**ASSIGNMENT**.
Below this line are records; transcribe exactly the lines between the one holding "Fine needle aspiration" and the one holding "Loft Two Queen Beds", inclusive, and omit the pictures.

**PROVIDED RECORDS**.

###

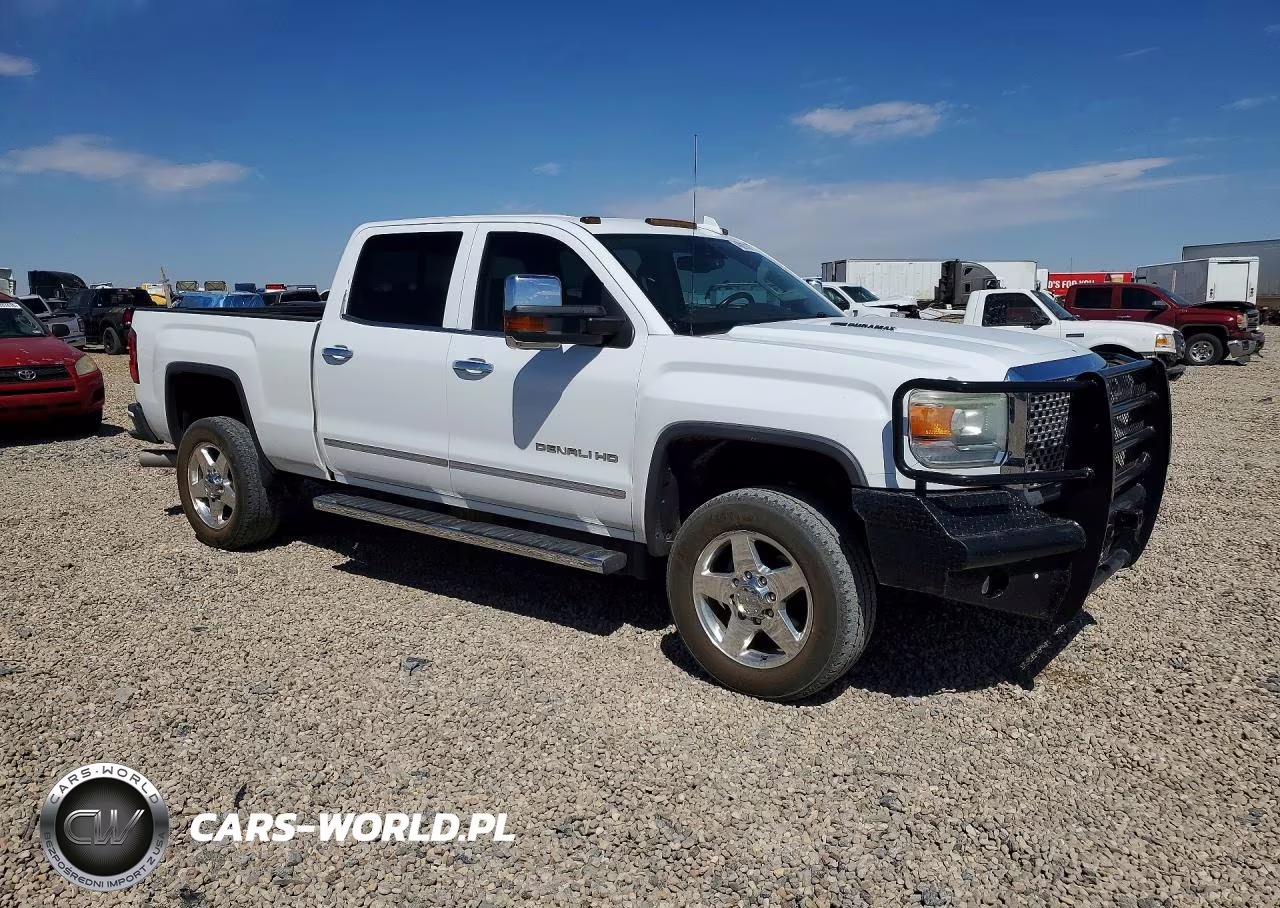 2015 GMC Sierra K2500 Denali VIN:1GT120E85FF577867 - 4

###

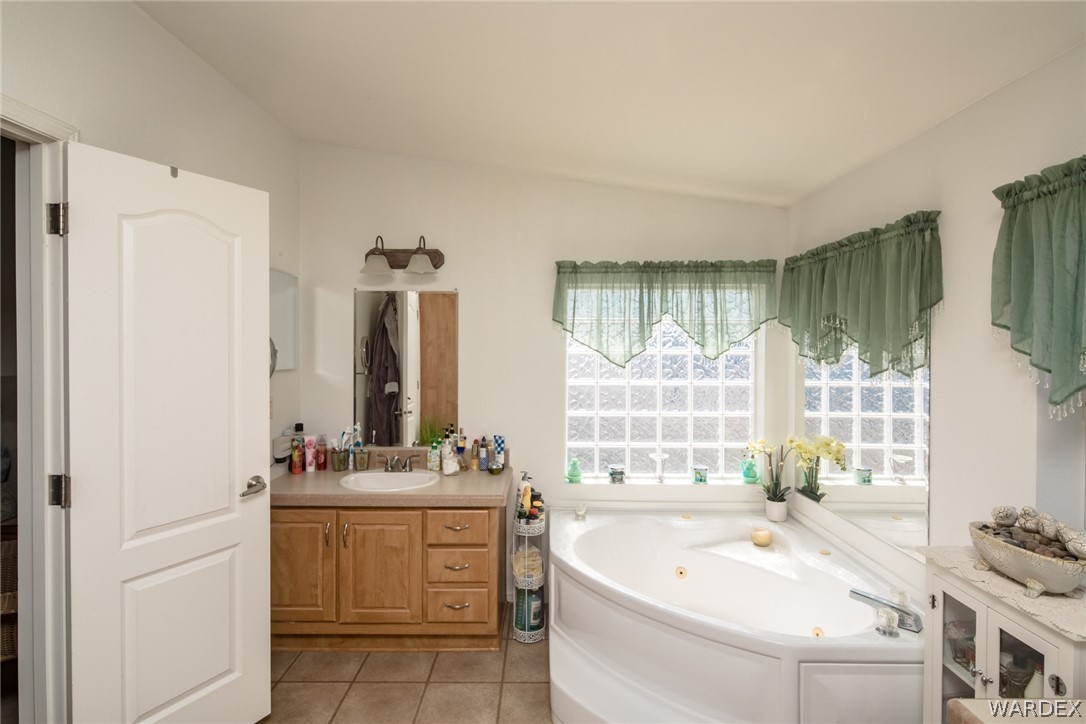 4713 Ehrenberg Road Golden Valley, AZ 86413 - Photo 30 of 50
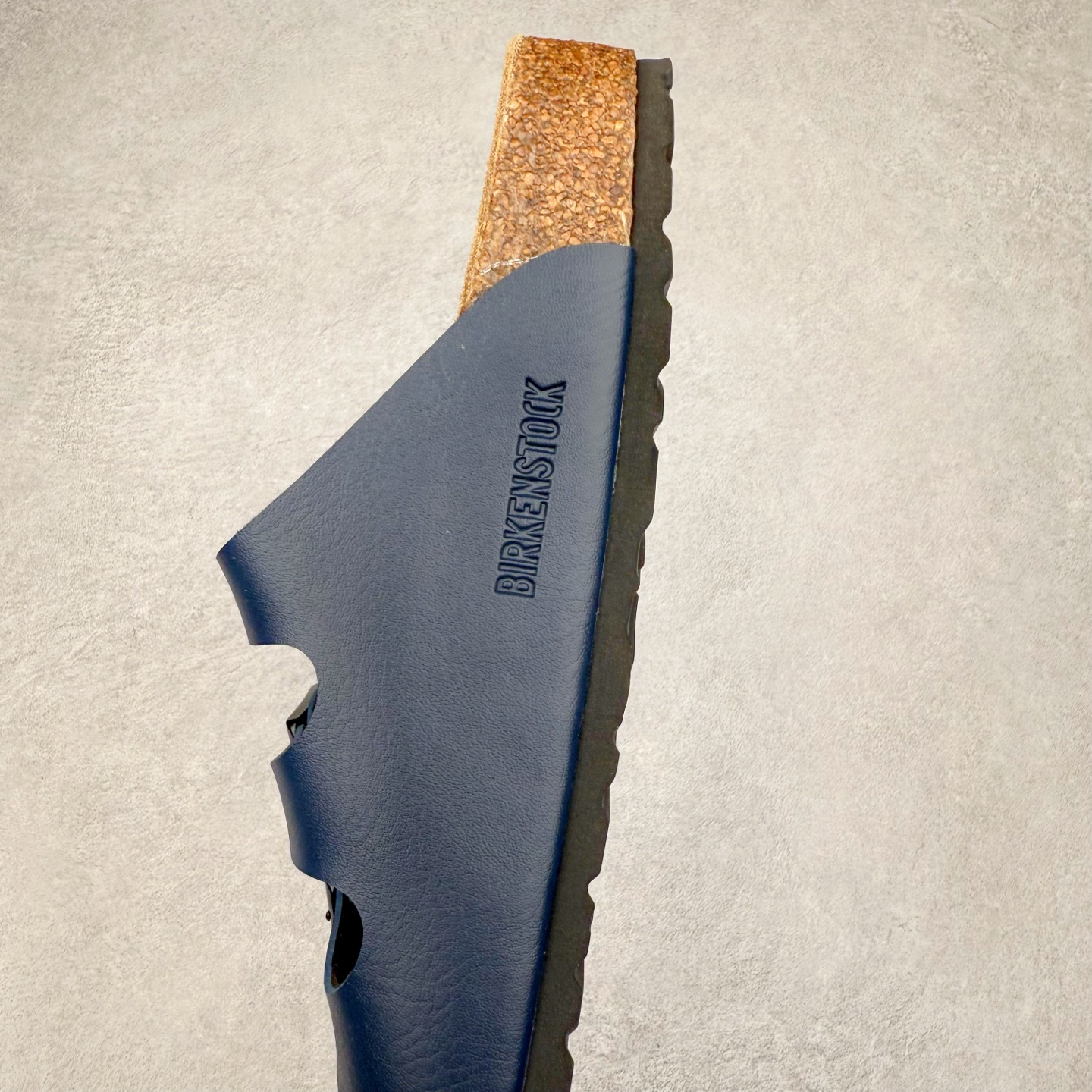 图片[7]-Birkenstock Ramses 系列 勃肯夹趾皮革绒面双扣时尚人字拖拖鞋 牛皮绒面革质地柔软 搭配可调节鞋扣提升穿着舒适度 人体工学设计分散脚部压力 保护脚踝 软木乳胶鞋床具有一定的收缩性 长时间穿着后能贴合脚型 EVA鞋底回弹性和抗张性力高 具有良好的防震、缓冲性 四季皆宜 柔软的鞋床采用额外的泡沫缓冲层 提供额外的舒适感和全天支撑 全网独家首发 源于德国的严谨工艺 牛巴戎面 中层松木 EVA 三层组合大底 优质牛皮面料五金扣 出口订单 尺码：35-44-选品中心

###

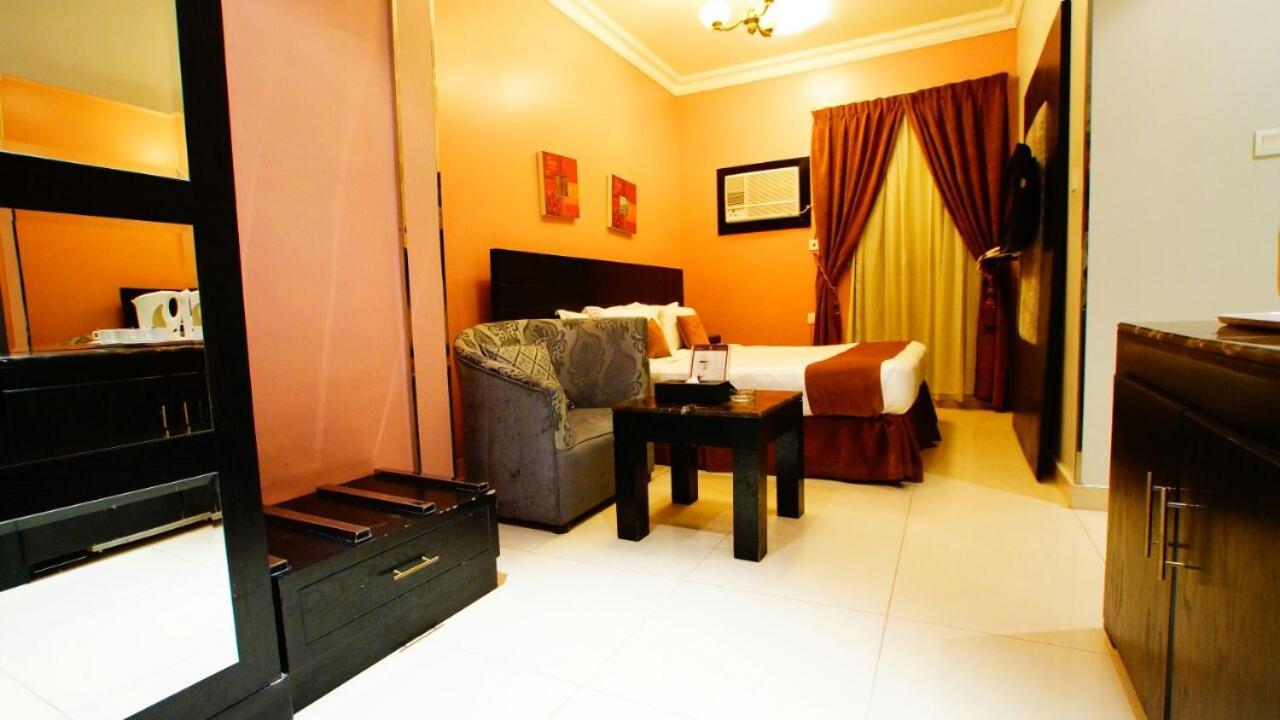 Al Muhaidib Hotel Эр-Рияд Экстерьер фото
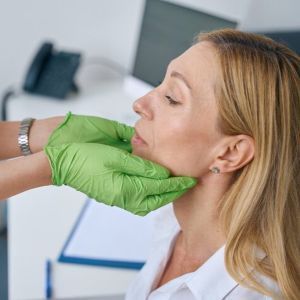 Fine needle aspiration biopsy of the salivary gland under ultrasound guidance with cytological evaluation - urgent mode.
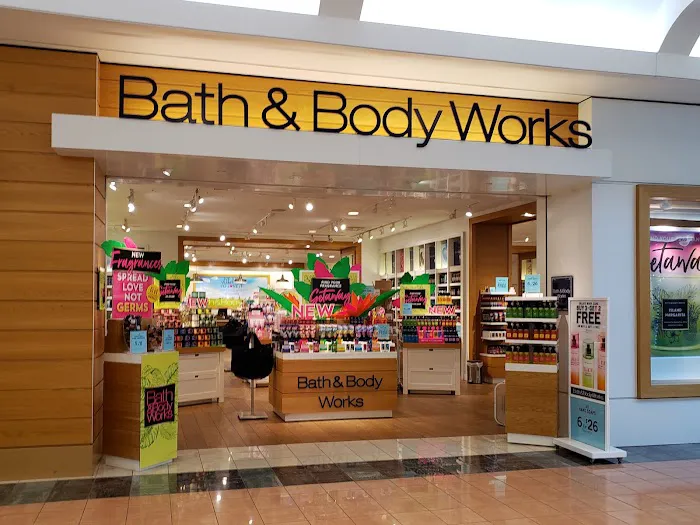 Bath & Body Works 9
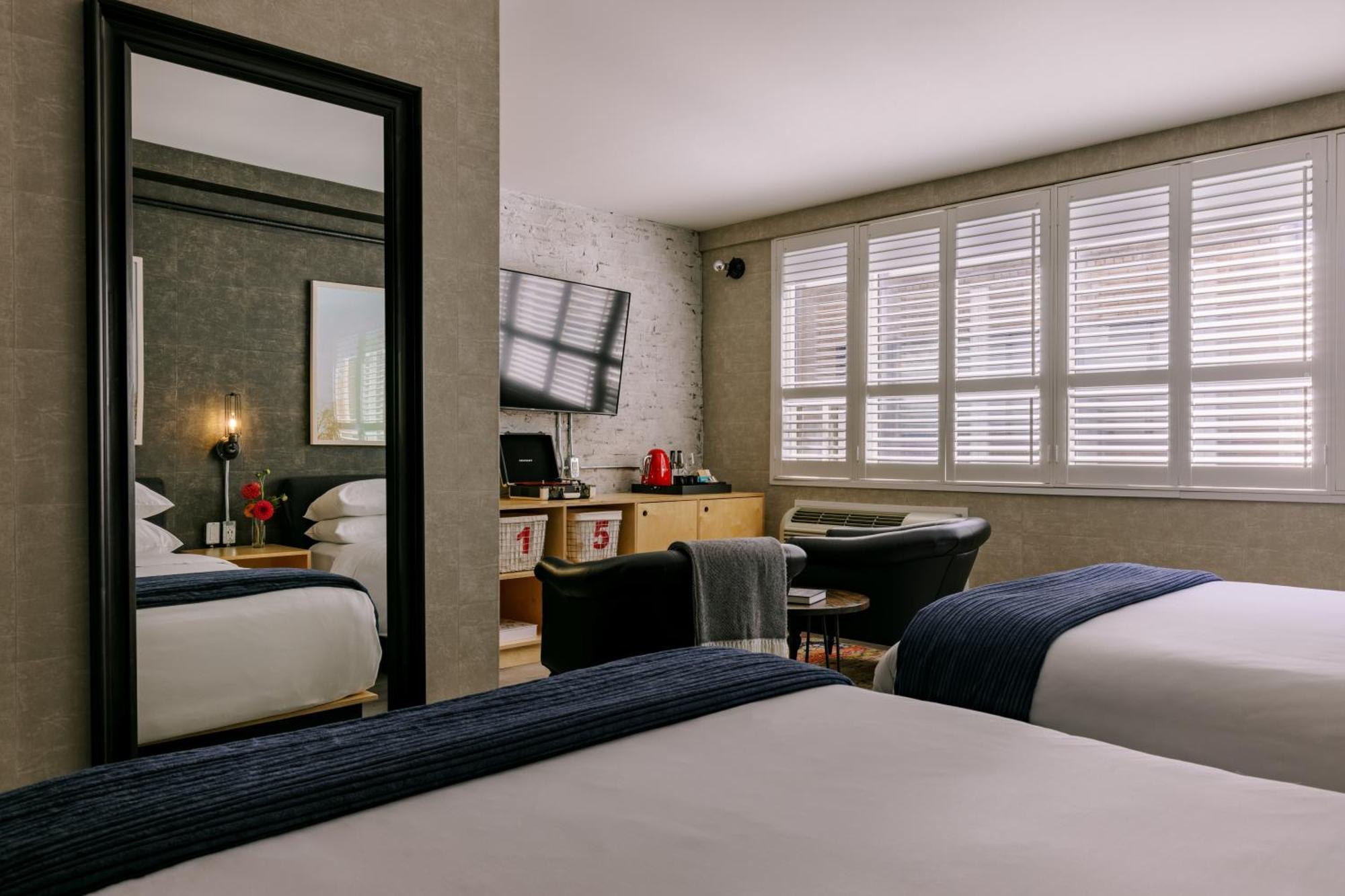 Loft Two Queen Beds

###

**COMPLETED EXERCISE**.
 Fine needle aspiration biopsy of the salivary gland under ultrasound guidance with cytological evaluation - urgent mode.
 Bath & Body Works 9
 Loft Two Queen Beds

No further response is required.